# Green Hay vs Dry Hay



## VA Haymaker (Jul 1, 2014)

One of my kids went to a horse camp for a week - learning to ride a horse, lots of fun - EXPENSIVE!!!!!! LOL!

Of course when we went to see the final day/closing show - afterwards, I met the owner and we talked and looked at square bales of hay.

All of owner's hay was dusty. All of it was nice and "green" in color and much of it was over ripe stems and seed heads. It was bought from a local brand name feed store and was $7 per bale!

I am very leary of green hay! I see green and think mold, but apparently the horse owner wants green hay.

How do you folks manage "green" hay and no dust or mold in the same square bale?

Thanks!
Bill


----------



## swmnhay (Jun 13, 2008)

The color of the hay is more determined by bleaching then the moisture of the hay.A heavy dew and then sun hitting it will cause it to bleach more then when humidity Is low.

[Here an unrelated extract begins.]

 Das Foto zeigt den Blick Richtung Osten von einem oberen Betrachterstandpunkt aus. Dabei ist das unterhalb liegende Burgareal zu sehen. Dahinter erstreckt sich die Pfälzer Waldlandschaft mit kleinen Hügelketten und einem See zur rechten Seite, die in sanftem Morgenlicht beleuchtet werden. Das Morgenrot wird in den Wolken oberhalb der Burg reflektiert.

There was a re baler place near here that sprayed green dye on the hay in the re baleing process.Prly made a few horsey folk happy,but he went broke also.


----------



## Tx Jim (Jun 30, 2014)

Actually where I live hay can be green in color and also be correct moisture(15% or below) when sq baled. Most horsey people that I sell hay to wouldn't know a good bale of hay from a bad bale as they think GREEN COLOR indicates good hay..


----------



## FarmerCline (Oct 12, 2011)

Yep, swmnhay hit the nail on the head. The more of the hay and the longer it is exposed to the sun the more it is going to be bleached out to a brownish color. The faster you can get it dried and into a bale the more green color the hay will have. Green color of hay and green hay meaning wet are two different things.


----------



## Nitram (Apr 2, 2011)

Here most Alf hay is left in tight narrow windrows with sunny warm/hot dry and breezy weather the outside exposure is min raked with the dew then baled produces the tastey green those picky horses (owners) desire


----------



## Tim/South (Dec 12, 2011)

All of the square bales of Bermuda sold around here are green in color. Been that way since the first tedders became popular. It is good, cured hay. Just not bleached. Horse people here expect their Bermuda to be a light green now days.


----------